As we entered, there were no sirens betraying my $8 foundation (phew). Instead, there was the pleasant smell of perfumes and an equally pleasant employee—“cast member,” officially—welcoming us. At some stores, greeters can get clingy, but Alex told me that here, they serve a practical purpose: if there’s a specific product you need, they can go grab it for you.
As we made our way over to the perfume wall, Alex explained the store layout. High-end products up front (like those by Marc Jacobs and Yves Saint Laurent), followed by individual sections for cosmetics, fragrances, and skincare. In each of these sections, there are cast members with specialized expertise, ready to offer help and answer questions.
Lesson #2: Don’t be intimidated by the technology.

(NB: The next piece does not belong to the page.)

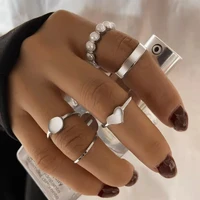 5pcssets gold creative rings for women simple high quality punk pearl joint casual ring party jewelry teens accessories gifts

At first, Alex and I smelled perfumes the old-fashioned way by spritzing them onto tester strips. But then I used this computer to take a test that helped me define my personal fragrance style. (Turns out I really like light, casual scents, like Marc Jacobs Daisy.)
In fact, everywhere you look, there’s some device designed to personalize your shopping experience. The company even teamed up with Pantone to create Color IQ, a handheld camera that captures your exact skin tone, then suggests products that match your complexion.
We asked a makeup artist if we could try it out, and in just a few seconds, Color IQ had determined my Pantone color code and identified 23 matching foundations. To narrow the results, the artist asked me some questions about the types of products I use. I don’t like heavy makeup, so she recommended a lightweight Boscia B.B. cream with SPF and botanicals designed to nourish my skin.
Lesson #3: If the store is kinda empty, definitely go in.
Not only did the makeup artist suggest a foundation, she also applied it to my face, complete with finishing touches of powder and cream blush. In reality, you’re supposed to make a purchase of at least $50 to get that kind of attention, but there are times that rule isn’t as stringent—when the store is mostly empty, for instance. “Obviously, if it’s slower, they’ll be less inclined to tell you [to spend $50], just because they’ll want to be working on somebody,” Alex said.
Lesson #4: Learn to differentiate the freelancers from the Sephora employees.
In the skincare section, we ran into an old coworker of Alex’s who is now an account executive for Murad. After a brief chat, she gave us each a sample of her company’s products. Turns out, there are cast members employed by the store, and then there are freelancers employed by the brands they carry.
Alex used to be a freelancer for Benefit cosmetics. As he explained it, freelancers are only going to promote their brand. “If you want to look [at other brands], let them know that,” he said. “Keep that in the back of your mind: if you’re seeing just one name in your cart, chances are [you’re talking to] a freelancer.”
Lesson #5: Respect your budget.
Even a handful of products can add up quickly. To keep your budget in check, Alex suggests prioritizing. “I like spending the higher dollar on my foundations. They sit on the skin, so you want something that’s going to be beneficial for it, not something that’s too thick or too heavy. Color [such as eyeshadow and lipstick] is interchangeable. Everybody makes color…if it works, it works.”
And above all, keep a clear mind amid the flashy displays and intoxicating scents. “[Go] there with a game plan,” Alex said. “Anybody [can] show you what their favorite stuff is, but it may not be yours.”